At the art museum the sign "Hand off" was displayed before the statue of Venus. It was very easy to notice.
A small child looked from the sign to the statue and said disinterestedly, "Anybody can see that her hand has fallen off."
A small boy was asked, "Who was the first man?" He promptly replied, "George Washington."
When his brother reminded him of Adam, the boy replied unhappily, "Oh, I didn't think you were counting foreigners."
Little Peter is a boy of nine. He began to go to school the year before last and now he's in Grade Three. He lives not far form the school, but he's often late for class. He likes watching TV in the evening and goes to bed late, so he can't get up early in the morning.
This term Mrs Black, Peter's aunt works in Peter's school. She teaches Grade Three English, She is strict with Peter and often tells the boy to obey the school rules and come to school in time. Yesterday morning Peter got up late. When he got to school. It was ten past eight. His aunt was waiting for him at the school gate.

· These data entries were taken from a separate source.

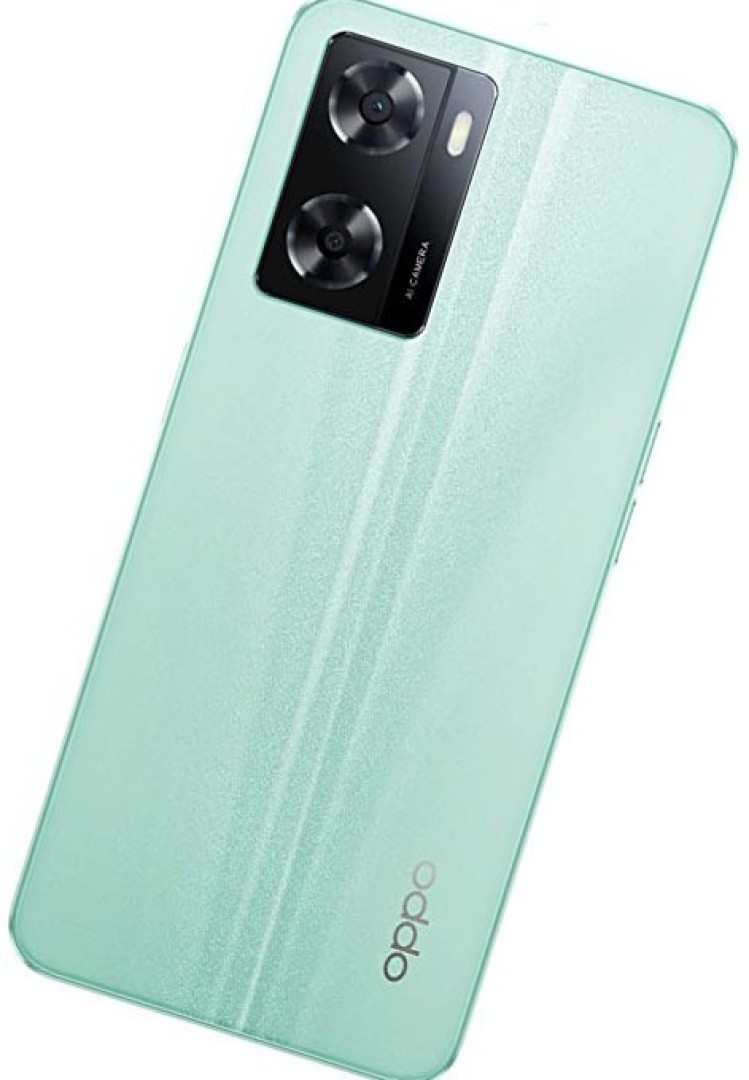 A57e 4 GB RAM 64 GB Storage Green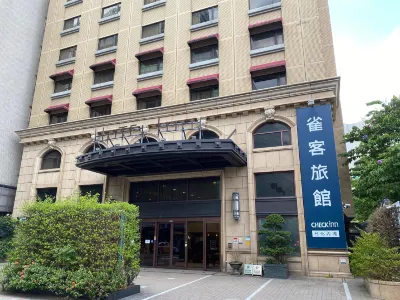 CHECKinn Taipei NeiHu Hotels in 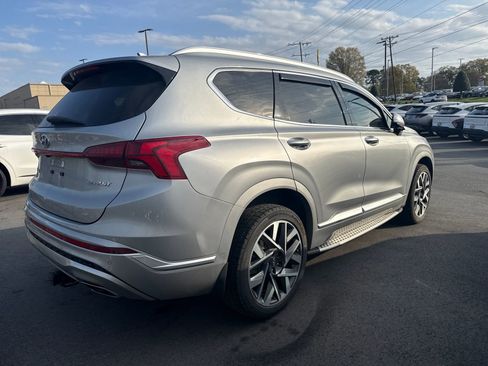 Used 2023 Hyundai Santa Fe Calligraphy image 8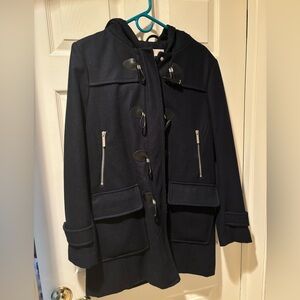 Michael Kors navy Peacoat
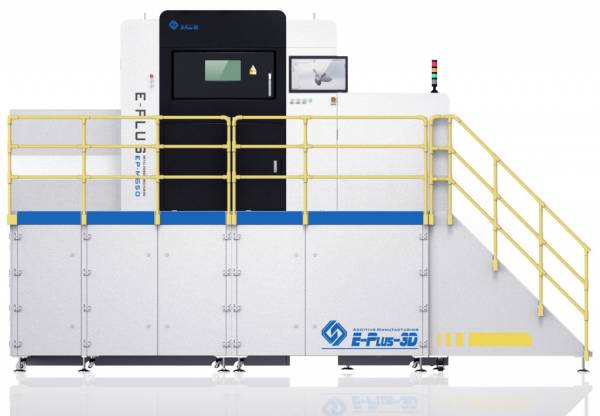 3D принтер E-Plus-3D M650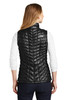 The North Face ® Ladies ThermoBall ™  Trekker Vest. NF0A3LHL TNF Black  Back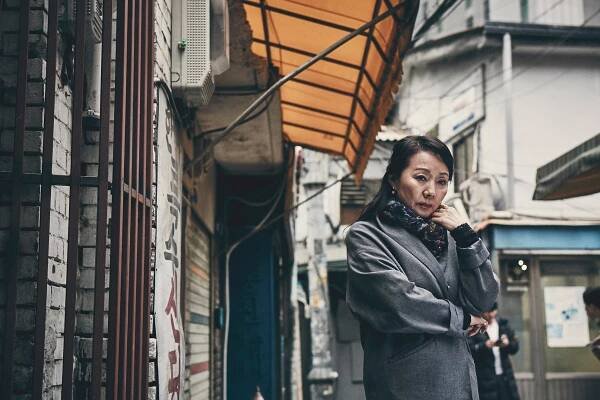 Yeong-ran Lee - Peurangseu yeonghwacheoreom - Z filmu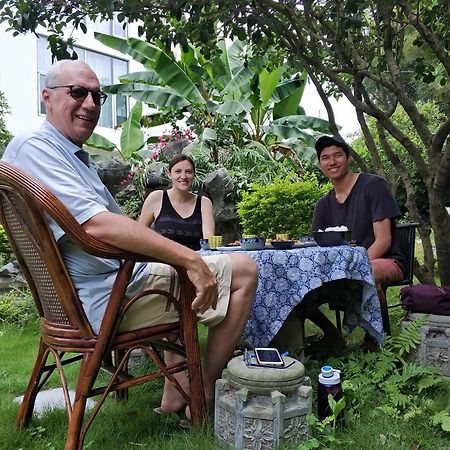 Yangshuo Leisure Tea Lodge Zewnętrze zdjęcie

"You're ten minutes late for the first class, Peter," Mrs Black said angrily. "Why are you often late for class?''
"Every time when I get to the street corner, I see a guidepost. It says, 'SCHOOL--GO SLOW'!"
One day, the teacher inquired Peter: "How much is four minus four?"
Peter was tongue-tired.
The teacher got angry and said: "What a fool! You see, if I put four coins in your pocket, but there is a hole in your pocket and all of them leak out, now what is left in your pocket?"
"The hole," replied Peter.
Teacher: Name some of Thomas Edison's contributions to science.
Students: If it weren't for Edison, we'd all be watching television by candle light.
Mum: Look at your socks. One is short, the other is long. You must have put on the wrong ones.
Xiaodong: I am not wrong. I look at there others socks. One is short and the other is long, too.
Son: Dad, give me a dime.
Father: Son, don't you think you're getting too big to be forever begging for dimes2?
Son: I guess you're right, Dad. Give me a dollar, will you?
In an entrance examination of a conservatory of music, a teacher asked one of the boys, "What is the most important physiological quality of a musician?"
"To be deaf," replied the boy.
"Nonsense!" said the teacher angrily.
"Why, sir! Don't you know that the famous musician Beethoven was deaf?" the boy asked in reply disdainfully.